■ **Given records**
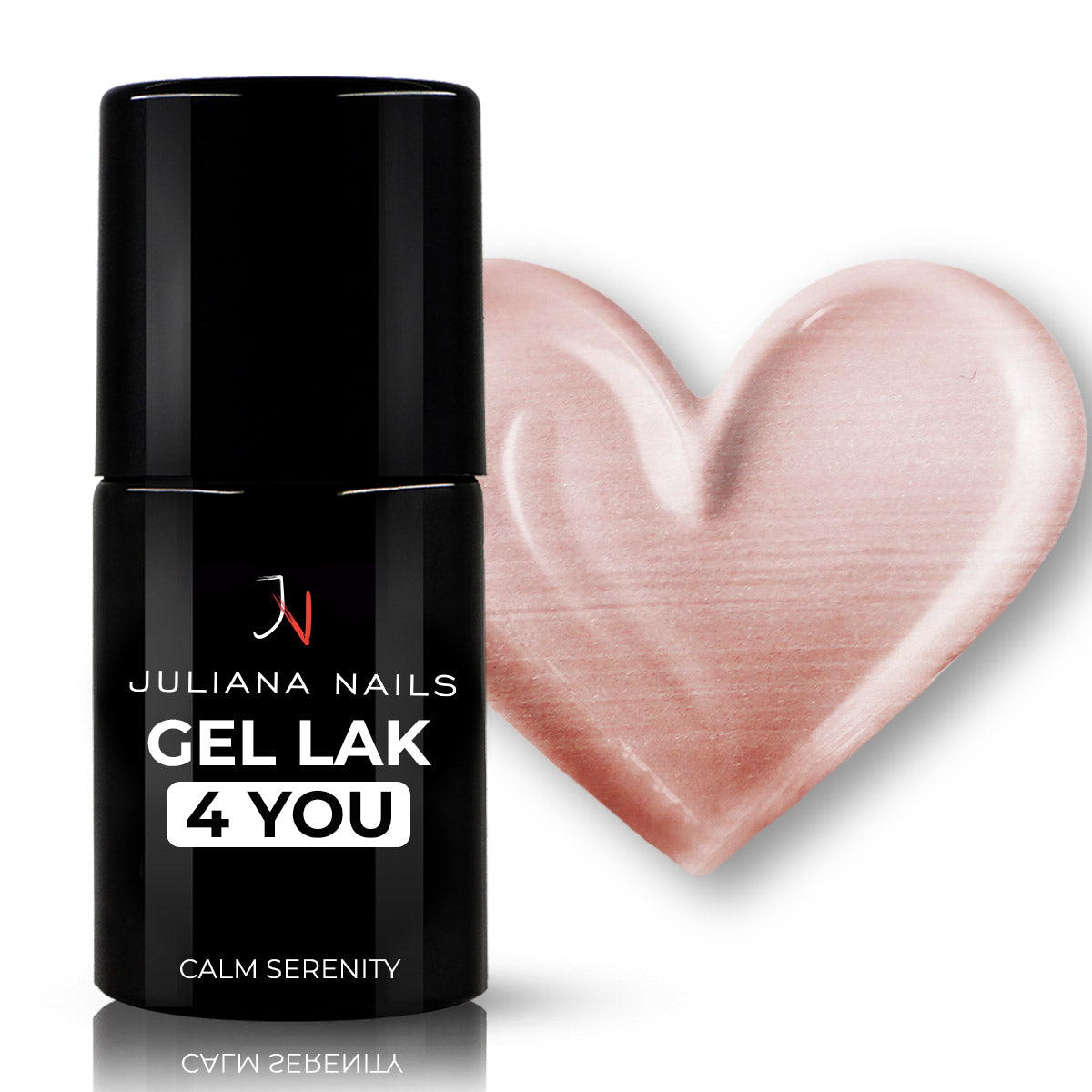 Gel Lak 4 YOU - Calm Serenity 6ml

==

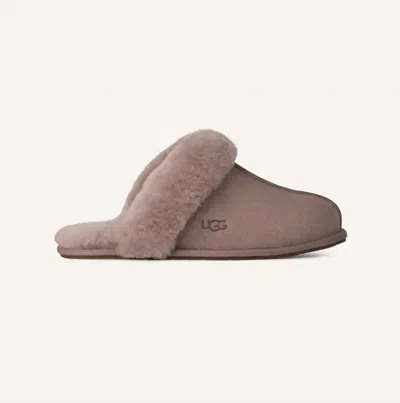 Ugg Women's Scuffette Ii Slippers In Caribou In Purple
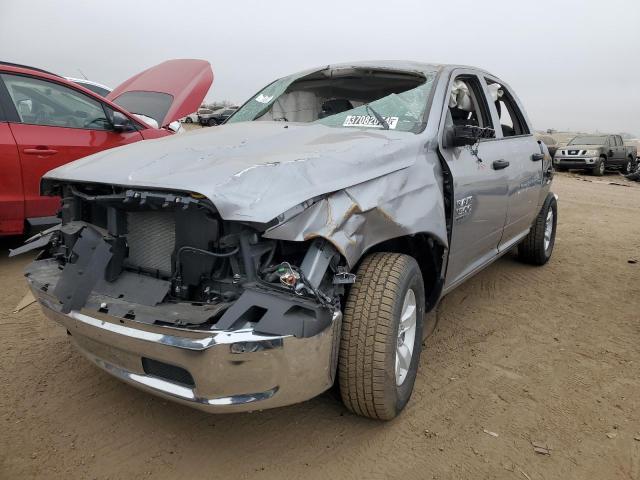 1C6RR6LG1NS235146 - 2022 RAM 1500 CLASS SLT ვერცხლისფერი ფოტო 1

...

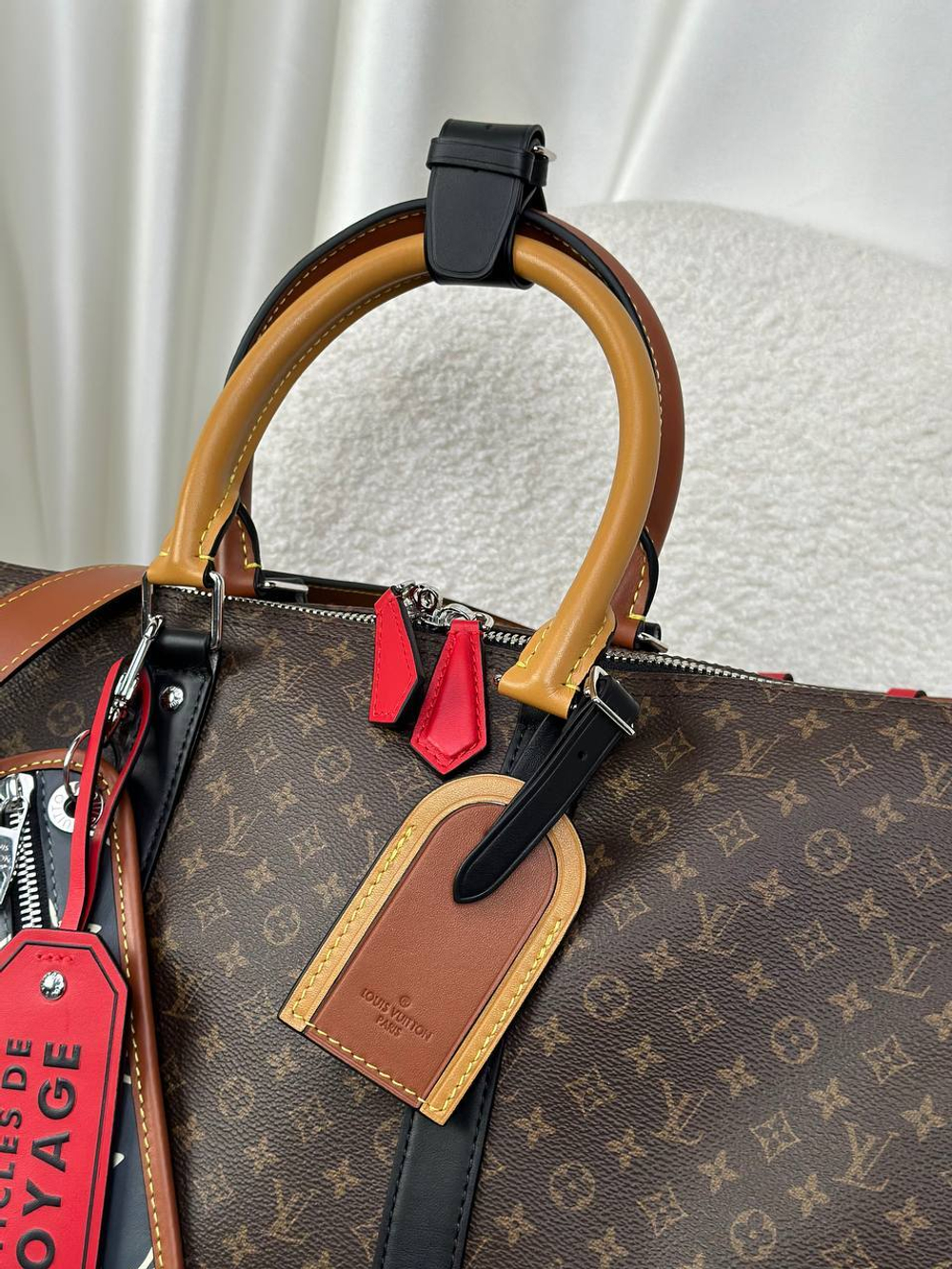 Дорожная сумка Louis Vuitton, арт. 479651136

■ **Work instruction**
While skipping the pictures, transcribe the data above from the line showing "Ugg Women's Scuffette" through the line showing "1C6RR6LG1NS235146 - 2022", exactly and with both ends.

■ **Task response**
 Ugg Women's Scuffette Ii Slippers In Caribou In Purple
 1C6RR6LG1NS235146 - 2022 RAM 1500 CLASS SLT ვერცხლისფერი ფოტო 1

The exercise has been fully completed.